(Dataset records)

━━━━━━━━━━━━━━━━━━━━

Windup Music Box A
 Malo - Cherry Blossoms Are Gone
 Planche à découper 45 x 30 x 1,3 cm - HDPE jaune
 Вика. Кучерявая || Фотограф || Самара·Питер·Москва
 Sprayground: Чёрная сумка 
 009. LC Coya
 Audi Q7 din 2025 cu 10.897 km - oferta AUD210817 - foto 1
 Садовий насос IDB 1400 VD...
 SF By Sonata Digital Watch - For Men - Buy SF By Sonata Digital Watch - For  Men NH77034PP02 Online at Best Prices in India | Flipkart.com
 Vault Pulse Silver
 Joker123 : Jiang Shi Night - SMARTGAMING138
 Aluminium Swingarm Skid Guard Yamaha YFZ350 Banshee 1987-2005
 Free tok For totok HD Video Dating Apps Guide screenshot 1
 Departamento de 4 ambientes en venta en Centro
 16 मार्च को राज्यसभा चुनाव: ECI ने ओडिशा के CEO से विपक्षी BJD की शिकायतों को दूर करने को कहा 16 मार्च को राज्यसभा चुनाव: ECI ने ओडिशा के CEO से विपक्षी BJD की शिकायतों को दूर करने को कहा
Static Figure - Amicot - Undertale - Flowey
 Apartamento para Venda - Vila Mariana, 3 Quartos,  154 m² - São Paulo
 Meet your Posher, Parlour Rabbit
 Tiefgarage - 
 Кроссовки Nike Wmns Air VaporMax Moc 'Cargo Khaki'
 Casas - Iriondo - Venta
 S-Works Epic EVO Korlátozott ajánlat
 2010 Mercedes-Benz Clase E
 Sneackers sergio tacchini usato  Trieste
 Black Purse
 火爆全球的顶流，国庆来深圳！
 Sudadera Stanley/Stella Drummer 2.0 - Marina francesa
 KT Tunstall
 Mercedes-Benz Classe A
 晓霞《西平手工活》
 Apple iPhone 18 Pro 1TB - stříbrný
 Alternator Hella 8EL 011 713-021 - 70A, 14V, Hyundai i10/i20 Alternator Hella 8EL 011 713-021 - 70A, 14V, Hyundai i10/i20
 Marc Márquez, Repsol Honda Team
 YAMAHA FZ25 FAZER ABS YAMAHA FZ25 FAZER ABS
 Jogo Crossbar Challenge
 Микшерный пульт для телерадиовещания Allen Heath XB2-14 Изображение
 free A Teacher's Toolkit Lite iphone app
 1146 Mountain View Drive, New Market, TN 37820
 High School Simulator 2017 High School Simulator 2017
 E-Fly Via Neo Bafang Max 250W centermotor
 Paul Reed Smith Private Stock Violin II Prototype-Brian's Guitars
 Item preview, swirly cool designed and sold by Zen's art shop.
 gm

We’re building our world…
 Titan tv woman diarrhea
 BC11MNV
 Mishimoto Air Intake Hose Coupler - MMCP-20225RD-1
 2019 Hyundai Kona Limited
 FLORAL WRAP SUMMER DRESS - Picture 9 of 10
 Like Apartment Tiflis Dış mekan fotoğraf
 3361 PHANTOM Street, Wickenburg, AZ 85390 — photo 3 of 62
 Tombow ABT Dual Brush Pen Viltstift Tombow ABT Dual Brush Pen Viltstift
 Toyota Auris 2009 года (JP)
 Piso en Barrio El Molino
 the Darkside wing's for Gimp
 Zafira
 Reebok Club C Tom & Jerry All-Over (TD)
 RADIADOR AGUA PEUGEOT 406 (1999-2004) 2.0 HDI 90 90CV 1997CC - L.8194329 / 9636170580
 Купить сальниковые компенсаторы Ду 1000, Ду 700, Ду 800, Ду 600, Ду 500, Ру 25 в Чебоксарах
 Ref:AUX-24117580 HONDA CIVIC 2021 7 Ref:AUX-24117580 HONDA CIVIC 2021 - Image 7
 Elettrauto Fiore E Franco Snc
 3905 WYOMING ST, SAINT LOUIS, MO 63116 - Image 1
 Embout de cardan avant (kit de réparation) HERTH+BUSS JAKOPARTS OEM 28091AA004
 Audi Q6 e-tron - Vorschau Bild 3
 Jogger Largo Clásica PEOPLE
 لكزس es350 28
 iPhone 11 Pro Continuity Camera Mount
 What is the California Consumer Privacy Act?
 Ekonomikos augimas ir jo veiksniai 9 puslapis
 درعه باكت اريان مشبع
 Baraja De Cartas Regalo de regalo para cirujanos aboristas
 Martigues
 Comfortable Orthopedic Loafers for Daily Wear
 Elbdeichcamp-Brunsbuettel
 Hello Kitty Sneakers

━━━━━━━━━━━━━━━━━━━━

* _What this task involves_
All of the data above should be duplicated exactly.

* _Answer to this exercise_
Windup Music Box A
 Malo - Cherry Blossoms Are Gone
 Planche à découper 45 x 30 x 1,3 cm - HDPE jaune
 Вика. Кучерявая || Фотограф || Самара·Питер·Москва
 Sprayground: Чёрная сумка 
 009. LC Coya
 Audi Q7 din 2025 cu 10.897 km - oferta AUD210817 - foto 1
 Садовий насос IDB 1400 VD...
 SF By Sonata Digital Watch - For Men - Buy SF By Sonata Digital Watch - For  Men NH77034PP02 Online at Best Prices in India | Flipkart.com
 Vault Pulse Silver
 Joker123 : Jiang Shi Night - SMARTGAMING138
 Aluminium Swingarm Skid Guard Yamaha YFZ350 Banshee 1987-2005
 Free tok For totok HD Video Dating Apps Guide screenshot 1
 Departamento de 4 ambientes en venta en Centro
 16 मार्च को राज्यसभा चुनाव: ECI ने ओडिशा के CEO से विपक्षी BJD की शिकायतों को दूर करने को कहा 16 मार्च को राज्यसभा चुनाव: ECI ने ओडिशा के CEO से विपक्षी BJD की शिकायतों को दूर करने को कहा
Static Figure - Amicot - Undertale - Flowey
 Apartamento para Venda - Vila Mariana, 3 Quartos,  154 m² - São Paulo
 Meet your Posher, Parlour Rabbit
 Tiefgarage - 
 Кроссовки Nike Wmns Air VaporMax Moc 'Cargo Khaki'
 Casas - Iriondo - Venta
 S-Works Epic EVO Korlátozott ajánlat
 2010 Mercedes-Benz Clase E
 Sneackers sergio tacchini usato  Trieste
 Black Purse
 火爆全球的顶流，国庆来深圳！
 Sudadera Stanley/Stella Drummer 2.0 - Marina francesa
 KT Tunstall
 Mercedes-Benz Classe A
 晓霞《西平手工活》
 Apple iPhone 18 Pro 1TB - stříbrný
 Alternator Hella 8EL 011 713-021 - 70A, 14V, Hyundai i10/i20 Alternator Hella 8EL 011 713-021 - 70A, 14V, Hyundai i10/i20
 Marc Márquez, Repsol Honda Team
 YAMAHA FZ25 FAZER ABS YAMAHA FZ25 FAZER ABS
 Jogo Crossbar Challenge
 Микшерный пульт для телерадиовещания Allen Heath XB2-14 Изображение
 free A Teacher's Toolkit Lite iphone app
 1146 Mountain View Drive, New Market, TN 37820
 High School Simulator 2017 High School Simulator 2017
 E-Fly Via Neo Bafang Max 250W centermotor
 Paul Reed Smith Private Stock Violin II Prototype-Brian's Guitars
 Item preview, swirly cool designed and sold by Zen's art shop.
 gm

We’re building our world…
 Titan tv woman diarrhea
 BC11MNV
 Mishimoto Air Intake Hose Coupler - MMCP-20225RD-1
 2019 Hyundai Kona Limited
 FLORAL WRAP SUMMER DRESS - Picture 9 of 10
 Like Apartment Tiflis Dış mekan fotoğraf
 3361 PHANTOM Street, Wickenburg, AZ 85390 — photo 3 of 62
 Tombow ABT Dual Brush Pen Viltstift Tombow ABT Dual Brush Pen Viltstift
 Toyota Auris 2009 года (JP)
 Piso en Barrio El Molino
 the Darkside wing's for Gimp
 Zafira
 Reebok Club C Tom & Jerry All-Over (TD)
 RADIADOR AGUA PEUGEOT 406 (1999-2004) 2.0 HDI 90 90CV 1997CC - L.8194329 / 9636170580
 Купить сальниковые компенсаторы Ду 1000, Ду 700, Ду 800, Ду 600, Ду 500, Ру 25 в Чебоксарах
 Ref:AUX-24117580 HONDA CIVIC 2021 7 Ref:AUX-24117580 HONDA CIVIC 2021 - Image 7
 Elettrauto Fiore E Franco Snc
 3905 WYOMING ST, SAINT LOUIS, MO 63116 - Image 1
 Embout de cardan avant (kit de réparation) HERTH+BUSS JAKOPARTS OEM 28091AA004
 Audi Q6 e-tron - Vorschau Bild 3
 Jogger Largo Clásica PEOPLE
 لكزس es350 28
 iPhone 11 Pro Continuity Camera Mount
 What is the California Consumer Privacy Act?
 Ekonomikos augimas ir jo veiksniai 9 puslapis
 درعه باكت اريان مشبع
 Baraja De Cartas Regalo de regalo para cirujanos aboristas
 Martigues
 Comfortable Orthopedic Loafers for Daily Wear
 Elbdeichcamp-Brunsbuettel
 Hello Kitty Sneakers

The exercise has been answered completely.